Shelby Steele has a column in today’s Wall Street Journal that is, amazingly, quite possibly the single most pathetic thing Steele has ever written. Adam Serwer says that Steele has gotten “predictable,” but I’m not sure that’s right. For one thing, Steele has always been predictable. He’s only got one trick, after all. No, at this point Steele has just become dishonest. If before you could make the case that he was being obtuse or making problematic, broad based claims, reading this effort, there’s simply no way to argue Steele doesn’t understand exactly what he’s doing in getting basic facts wrong, things he’s gotten wrong before.

For example, Steele continues to downplay President Obama with the same rhetoric he was using before the election, even implying that he was correct then:

I have called Mr. Obama a bound man because he cannot win white support without bargaining and he cannot maintain minority support without playing the very identity politics that injure him with whites. The latter form of politics is grounded in being what I call a challenger — i.e., someone who presumes that whites are racist until they prove otherwise by granting preferences of some kind to minorities. Whites quietly seethe at challengers like Jesse Jackson who use the moral authority of their race’s historic grievance to muscle for preferential treatment. Mr. Obama has been loved precisely because he was an anti-Jackson, a bargainer who grants them innocence before asking for their support.

Now, the most obvious intellectual problem here is that Steele doesn’t note that the sub-title to his “bound man” critique included a cliam that Obama “can’t win,” which would seem to be significantly undermined by the fact that Obama, you know, won. And what’s more, Steele isn’t even making an explanation as to why he was really right, even though he seemed to be spectacularly wrong, he’s just disappearing the fact altogether. Secondly, Steele is continuing the rhetoric from his post-election column that Obama somehow seduced white people into voting for him, even though Obama didn’t improve much on the level of support John Kerry or Al Gore enjoyed among white voters. Again, it’s not that Steele is “wrong,” it’s that he’s explaining why something happened, even though it didn’t happen. And he’s just pretending no one ever pointed out that he was just wrong about the facts of the matter (which he might believe, since it really wouldn’t make sense for Steele to read criticism of his parlor act, would it?).

Even more dishonestly, Steele rips Sotomayor’s “wise Latina” remark out of context even more egregiously than most other conservatives have:

Throughout her career Judge Sotomayor has demonstrated a Hispanic chauvinism so extreme that it sometimes crosses into outright claims of racial supremacy, as in 2001 when she said in a lecture at the University of California, Berkeley, “a wise Latina woman . . . would more often than not reach a better conclusion [as a judge] than a white male.”
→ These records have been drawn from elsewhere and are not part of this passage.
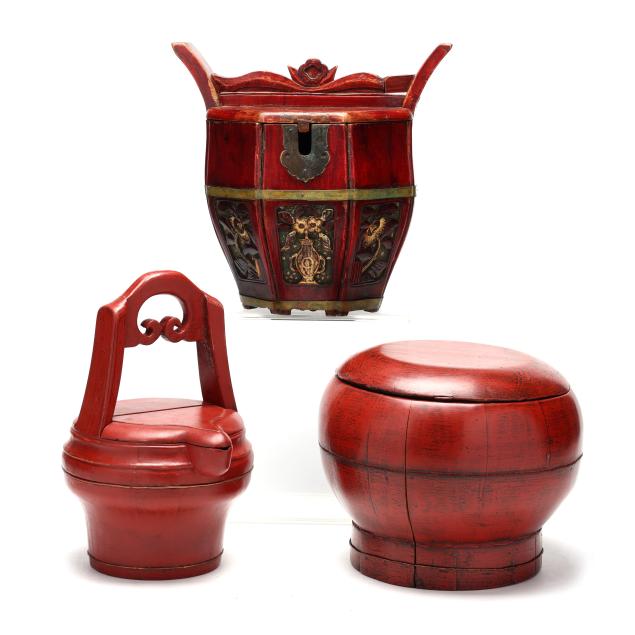 three-asian-red-painted-wood-storage-vessels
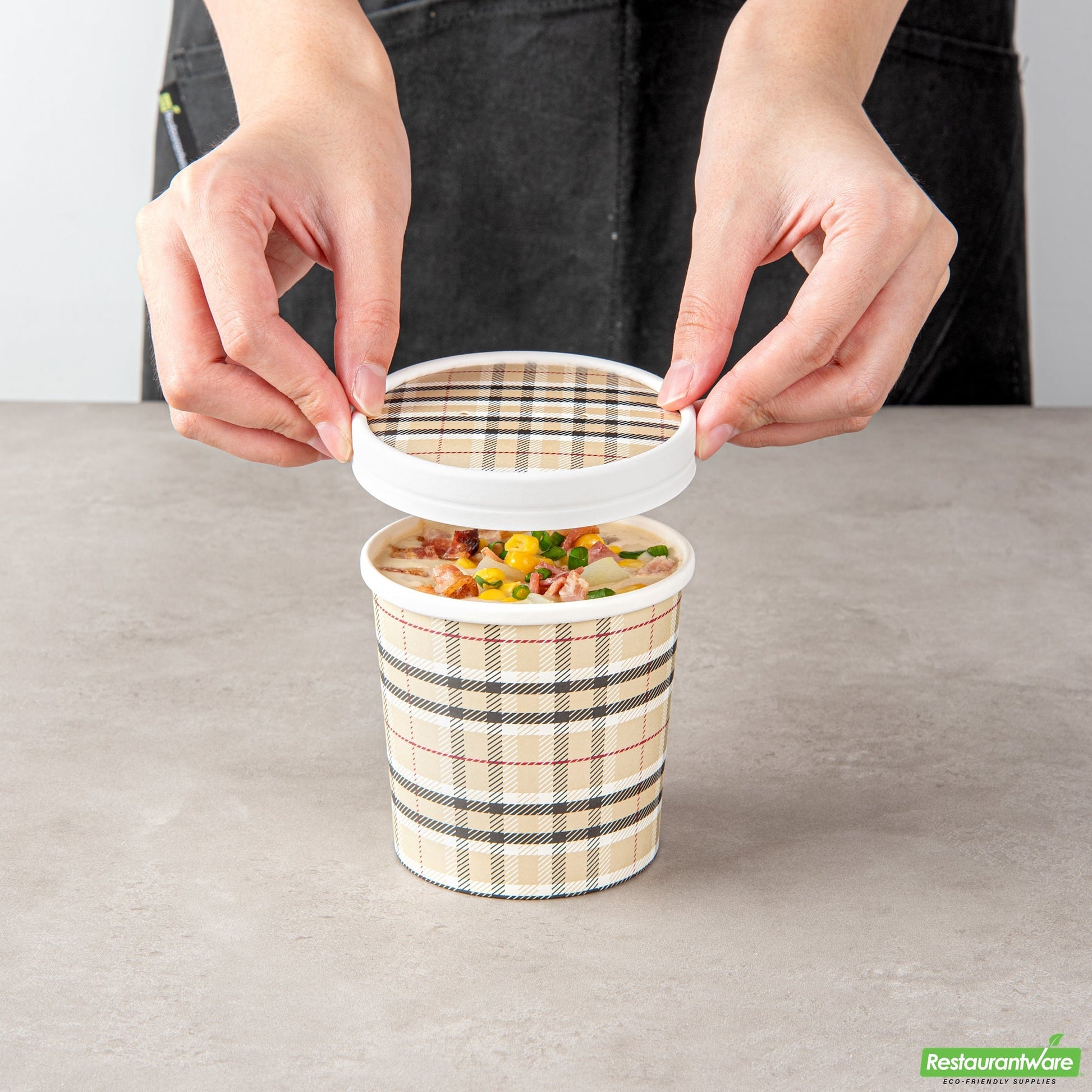 Wholesale Restaurantware Bio Tek Round Plaid Paper Soup Container Lid - Fits 12 Oz- Bulk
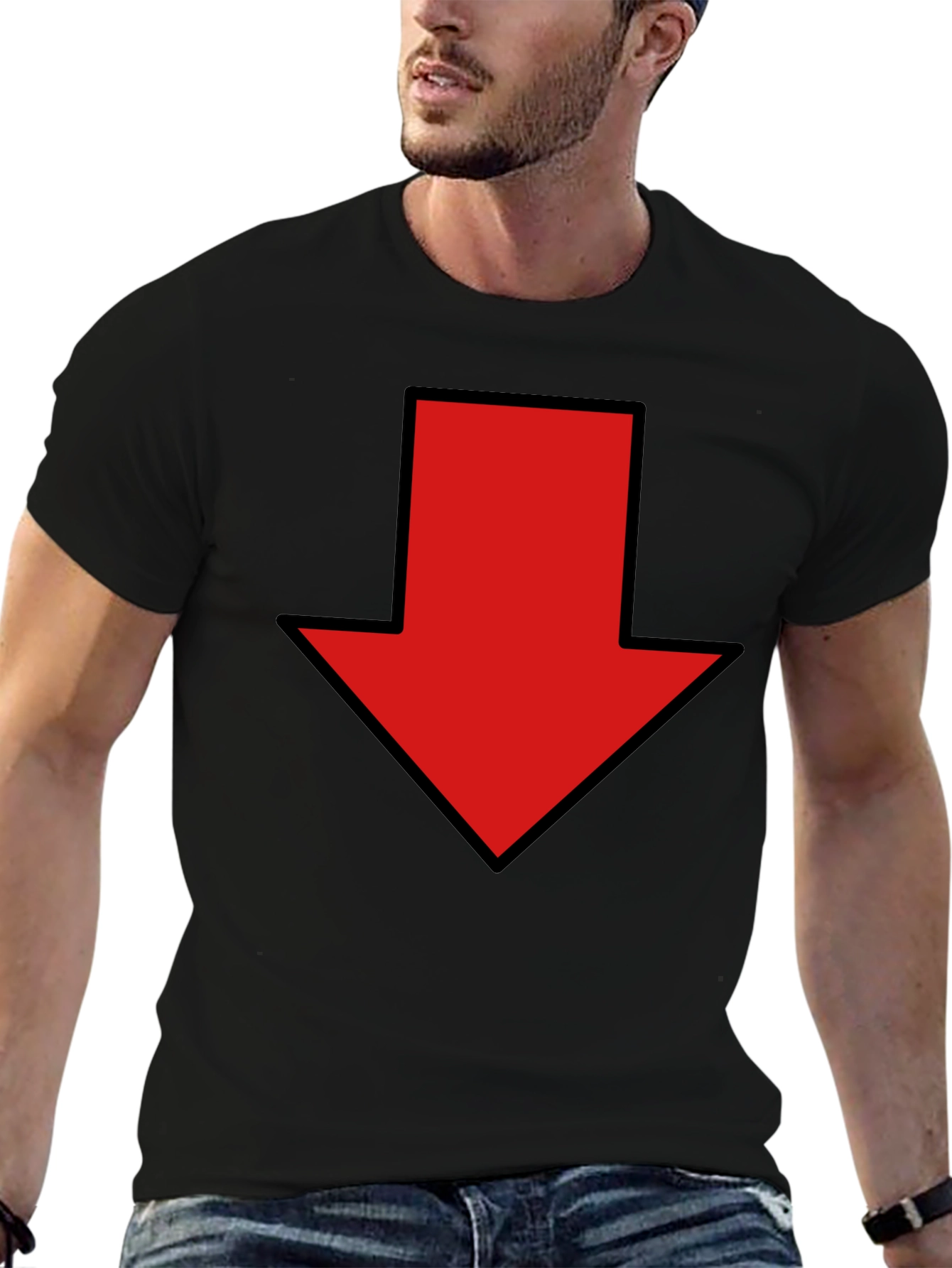 Red Down Arrow Graphic Print Black T-Shirt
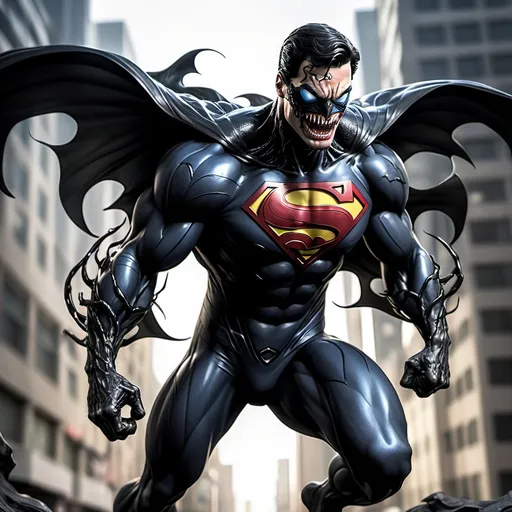 Prompt: Superman with venom suit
Steele doesn’t even note that the broader context of the speech related to racial discrimination cases, he eliminates Sotomayor’s reference to the differing experiences of people of different identity groups. So yes, in this context, you certainly could come away thinking that Sotomayor was making the claim that Latina women are inherently superior to white men, but this isn’t Sotomayor’s quote. It’s an edited snippet of the quote that drastically changes the meaning of the remark. Steele isn’t even attempting to provide an accurate depiction of Sotomayor’s opinion, he’s hacking her words up in such a way as to change what she said, and he knows it. So far, this is the first time I’ve seen someone of any political persuasion edit out the “experiences” part of the quote, and it’s not as though this hasn’t been remarked upon heavily. This is just intellectual dishonesty of the highest form, which shouldn’t really surprise anyone who’s familiar with the bulk of Steele’s work, but what’s really striking is the degree to which Shelby isn’t even trying to hide it anymore. It’s right out there, and it’s extremely lazy in its construction.

Of course, this is still Shelby Steele, so the cheap racism is still there because, well, that’s what Shelby Steele exists to provide:

The Sotomayor nomination commits the cardinal sin of identity politics: It seeks to elevate people more for the political currency of their gender and ethnicity than for their individual merit. (Here, too, is the ugly faithlessness in minority merit that always underlies such maneuverings.) Mr. Obama is promising one thing and practicing another, using his interracial background to suggest an America delivered from racial corruption even as he practices a crude form of racial patronage. From America’s first black president, and a man promising the “new,” we get a Supreme Court nomination that is both unoriginal and hackneyed.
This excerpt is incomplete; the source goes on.